- Mislinjska Dobrava Location in Slovenia
- Coordinates: 46°27′16.03″N 15°8′33.66″E﻿ / ﻿46.4544528°N 15.1426833°E
- Country: Slovenia
- Traditional region: Styria
- Statistical region: Carinthia
- Municipality: Slovenj Gradec

Area
- • Total: 6.97 km^{2} (2.69 sq mi)
- Elevation: 522.2 m (1,713.3 ft)

Population (2002)
- • Total: 679

= Mislinjska Dobrava =

Mislinjska Dobrava (/sl/) is a settlement in the City Municipality of Slovenj Gradec in northern Slovenia. It lies in the Mislinja Valley southeast of the town of Slovenj Gradec. The area is part of the traditional region of Styria. The entire municipality is now included in the Carinthia Statistical Region.

==Name==
The name of the settlement was changed from Dobrava to Mislinjska Dobrava in 1953.

==Mass grave==
Mislinjska Dobrava is the site of a mass grave from the end of the Second World War.
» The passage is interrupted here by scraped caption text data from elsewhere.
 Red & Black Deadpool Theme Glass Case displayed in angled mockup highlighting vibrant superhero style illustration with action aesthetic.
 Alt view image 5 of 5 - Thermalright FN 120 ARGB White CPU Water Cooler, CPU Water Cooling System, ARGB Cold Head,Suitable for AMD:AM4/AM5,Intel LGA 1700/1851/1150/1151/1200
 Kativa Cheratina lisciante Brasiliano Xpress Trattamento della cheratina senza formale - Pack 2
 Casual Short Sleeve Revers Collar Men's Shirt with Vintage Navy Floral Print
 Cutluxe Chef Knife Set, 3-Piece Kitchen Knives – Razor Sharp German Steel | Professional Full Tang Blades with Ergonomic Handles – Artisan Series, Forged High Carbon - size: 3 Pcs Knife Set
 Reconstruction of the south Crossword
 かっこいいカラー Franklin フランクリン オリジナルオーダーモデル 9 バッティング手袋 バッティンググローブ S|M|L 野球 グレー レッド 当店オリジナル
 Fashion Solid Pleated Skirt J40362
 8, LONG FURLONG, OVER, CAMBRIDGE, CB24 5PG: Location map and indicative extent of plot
The Mislinjska Dobrava Mass Grave (Grobišče Mislinjska Dobrava) is located in a small woods in the middle of the settlement, 100 m from the road from Mislinja to Slovenj Gradec. It contains the remains of Croatian soldiers or Cossacks killed in May 1945.

==Cultural heritage==
Remains of the Roman road from Celea to Virunum, which ran through the Mislinja Valley, have been identified near the settlement.

==Airport==
Slovenj Gradec Airport is a small airport located in the northern part of Mislinjska Dobrava.